Robot CEO Mark Zuckerberg has had another programming slip-up, letting your personal details slide once again – this time giving Spotify and Netflix access to your private messages.
Facebook has hit another wall in public trust by allowing Netflix and Spotify to access users’ private messages without their consent, The New York Times reports.
The New York Times (NYT) revealed this violation via hundreds of pages of documents taken from the social media company’s internal system for tracking partnerships in 2017.
“Facebook allowed Microsoft’s Bing search engine to see the names of virtually all Facebook users’ friends without consent, the records show, and gave Netflix and Spotify the ability to read Facebook users’ private messages.”
“The social network permitted Amazon to obtain users’ names and contact information through their friends, and it let Yahoo view streams of friends’ posts as recently as this summer, despite public statements that it had stopped that type of sharing years earlier.”

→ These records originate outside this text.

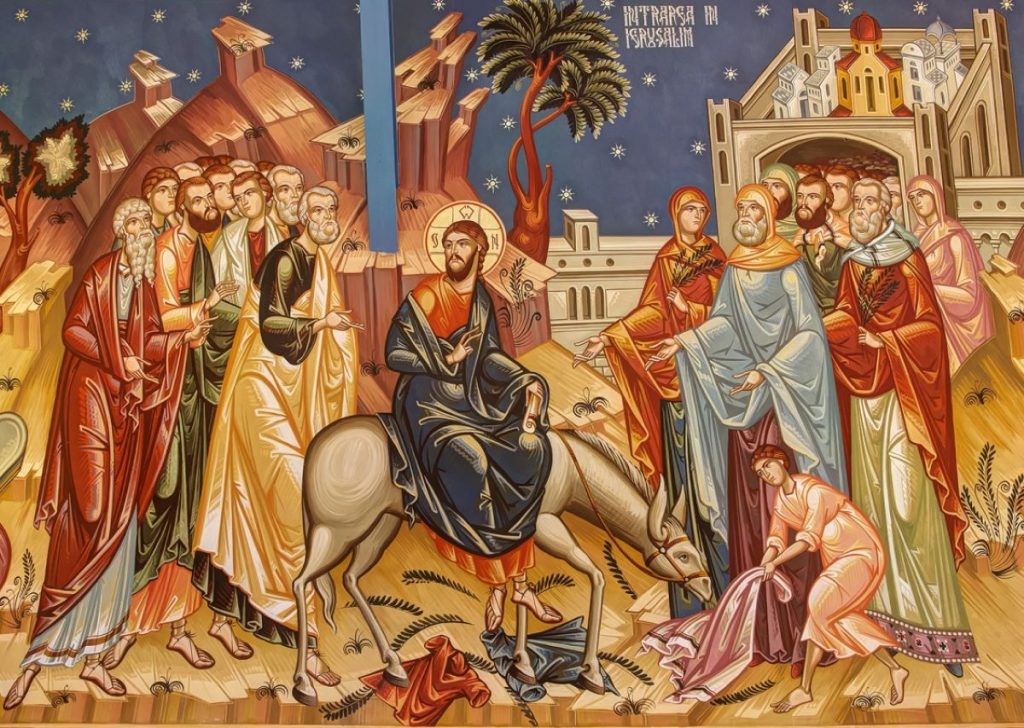 Intrarea Domnului în Ierusalim - Calendar creștin ortodox: 25 aprilie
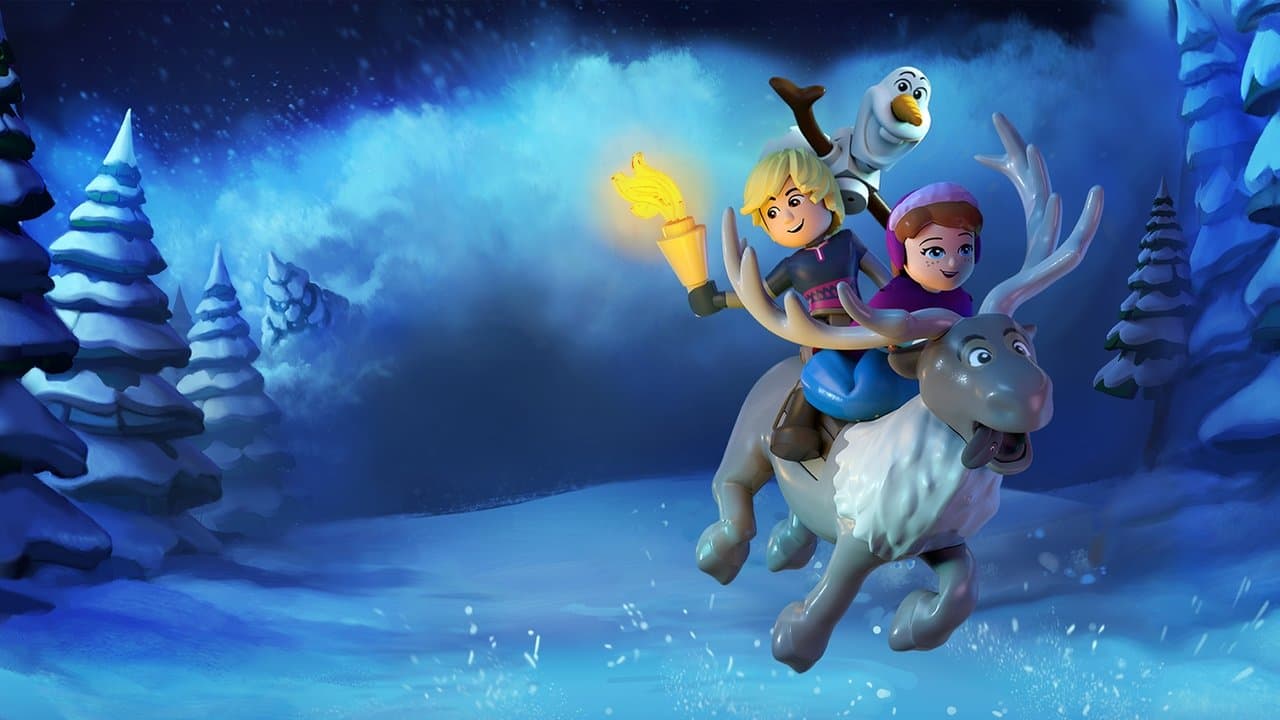 LEGO La Reine des Neiges : Magie des Aurores Boréales
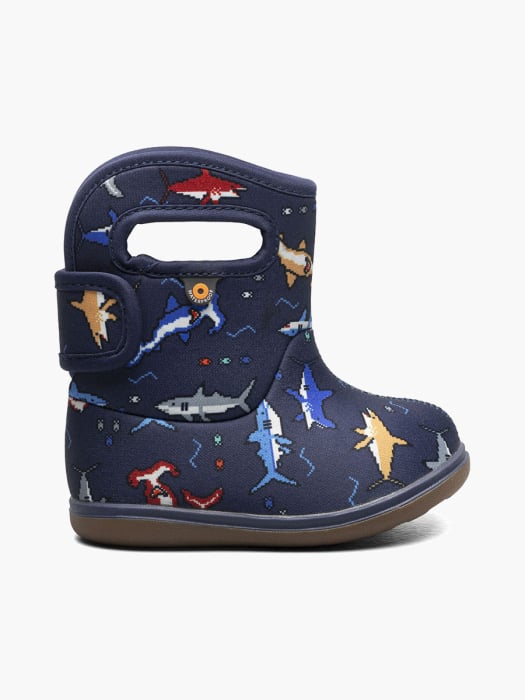 Cizme Impermeabile Bogs II Pixel Shark, TinTin Shop [6]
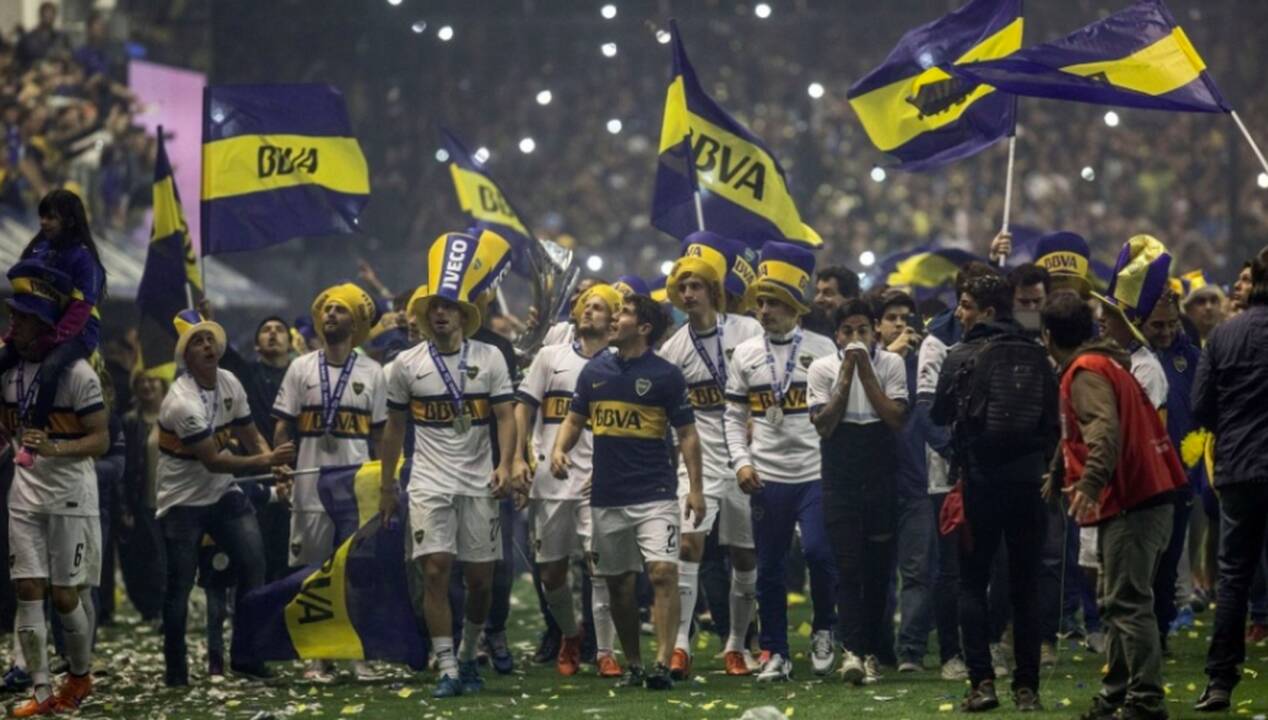 Buenos Airių "Boca Juniors" klubas iškovojo Argentinos futbolo taurę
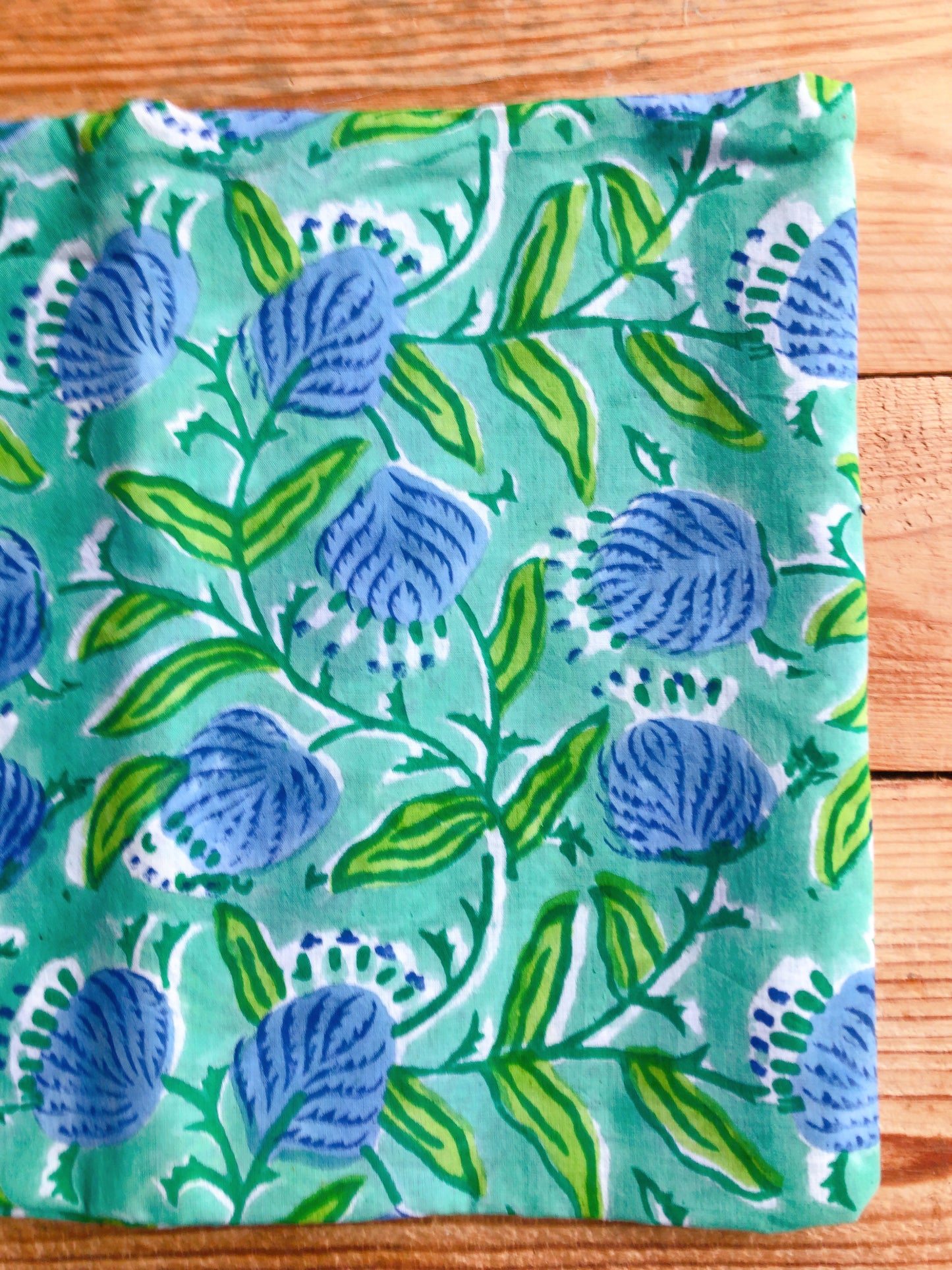 Coupon voile de coton indien 2m x1m10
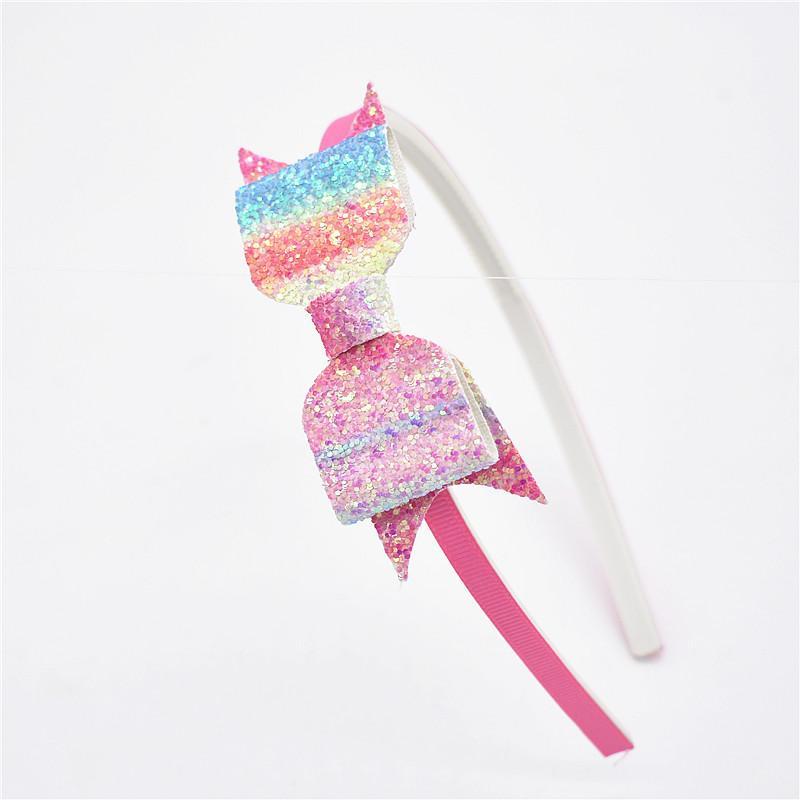 

Solid Color flowers Hairbands Hair Hoop Kids Beautiful pearl Headband Princess Headwear Head hoop girl Hair Accessories1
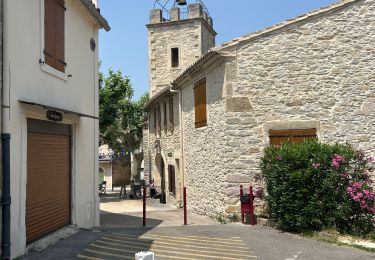 Trail Walking Langlade - 30185 l’anglade opidum nages 20250610 - Photo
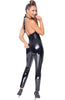 Sleek, sculpting, and high-gloss - COAX Copenhagen’s black vinyl catsuit is made to steal the spotlight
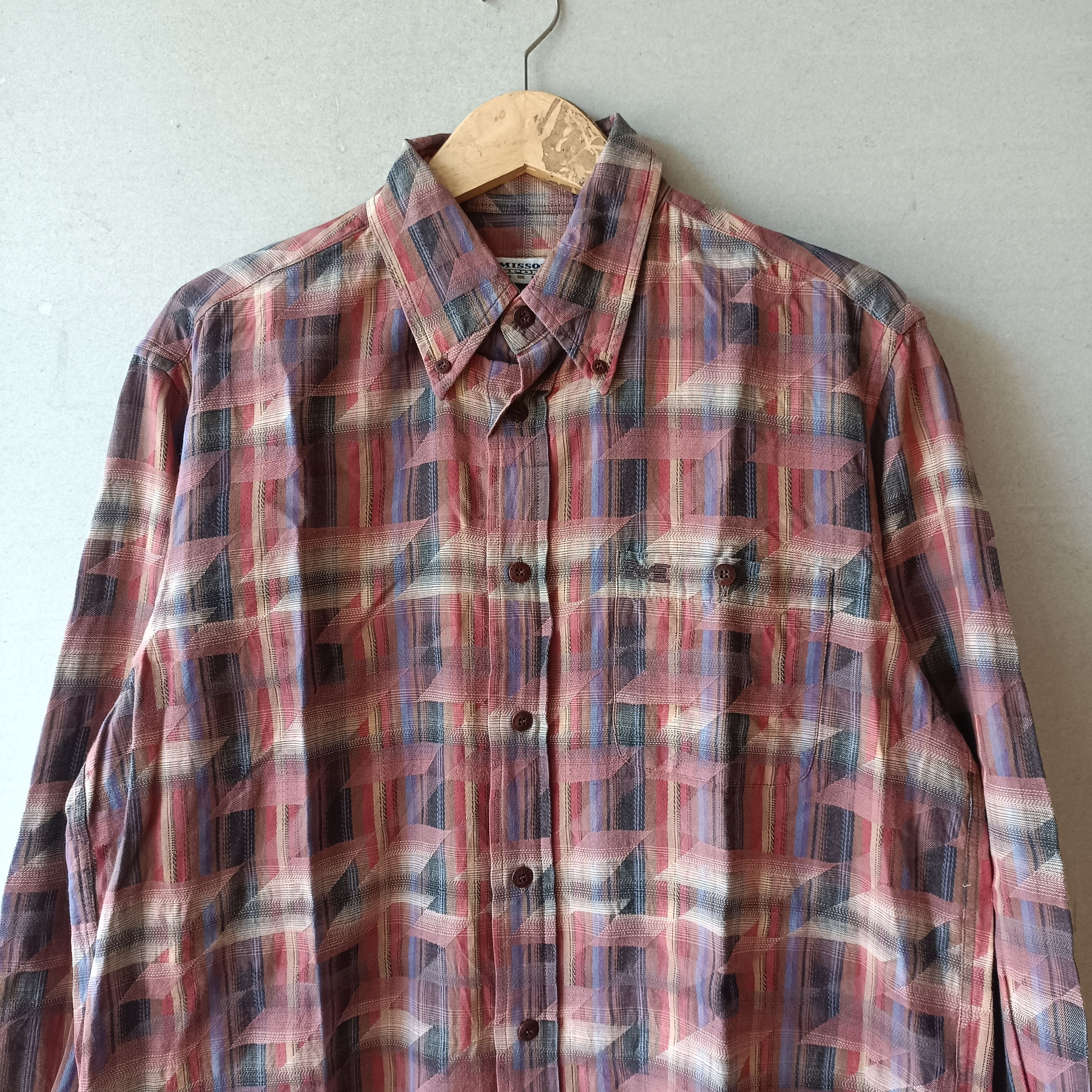 Missoni Missoni Flannel Size US M / EU 48-50 / 2 - 2 Thumbnail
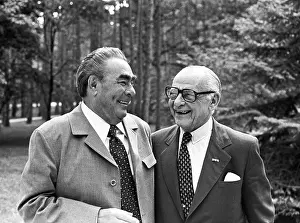 Armand: American magnate Armand Hammer and Soviet leader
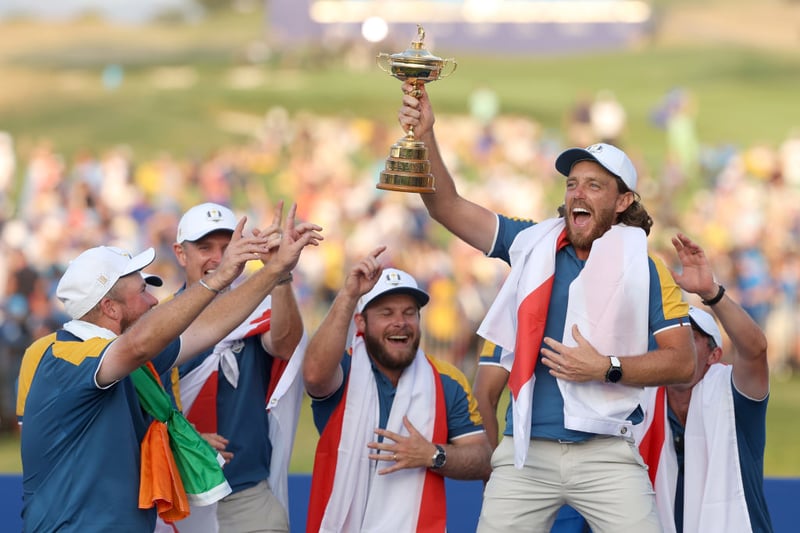 England's Tommy Fleetwood earned 3 points from 4 matches.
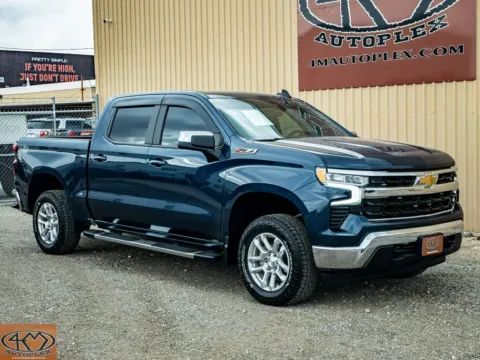 Blue 2023 Chevrolet Silverado 1500 LT for sale in Abilene, TX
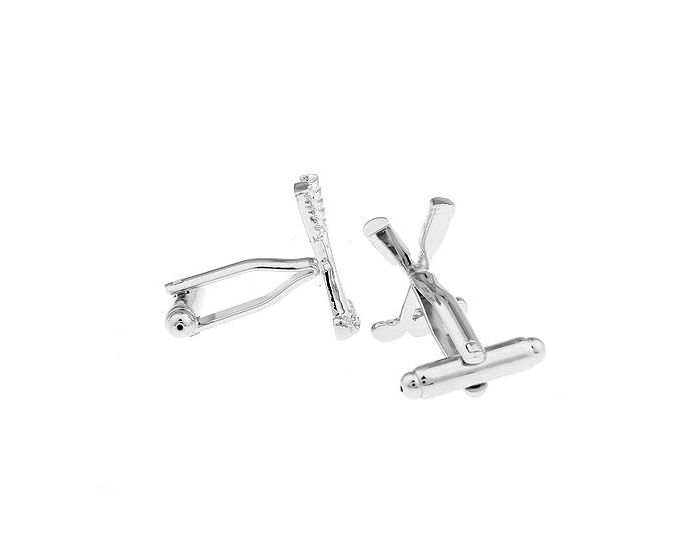 Golf Clubs & Ball Cufflinks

Your data is an asset that can now be leveraged. In return for this data, Facebook gets more users and a greater advertising capacity.
This report has upped the ante again for the #DeleteFacebook movement, a number of stakeholders are asking Zucc to resign as Chairman, and the company’s stocks have taken a dive.
Steve Satterfield, the director of privacy and public policy for Facebook, told the NYT in an interview, “We know we’ve got work to do to regain people’s trust. Protecting people’s information requires stronger teams, better technology and clearer policies, and that’s where we’ve been focused for most of 2018.”
Satterfield considers the social network’s partners an extension of themselves – and that’s the excuse for sharing users’ info without their consent.
Spotify and Netflix put out statements which claimed they were not knowledgable about the powers they were given by Facebook.
Netflix in the US jokingly tweeted, “Netflix never asked for, or accessed, anyone’s private messages. We’re not the type to slide into your DMs.”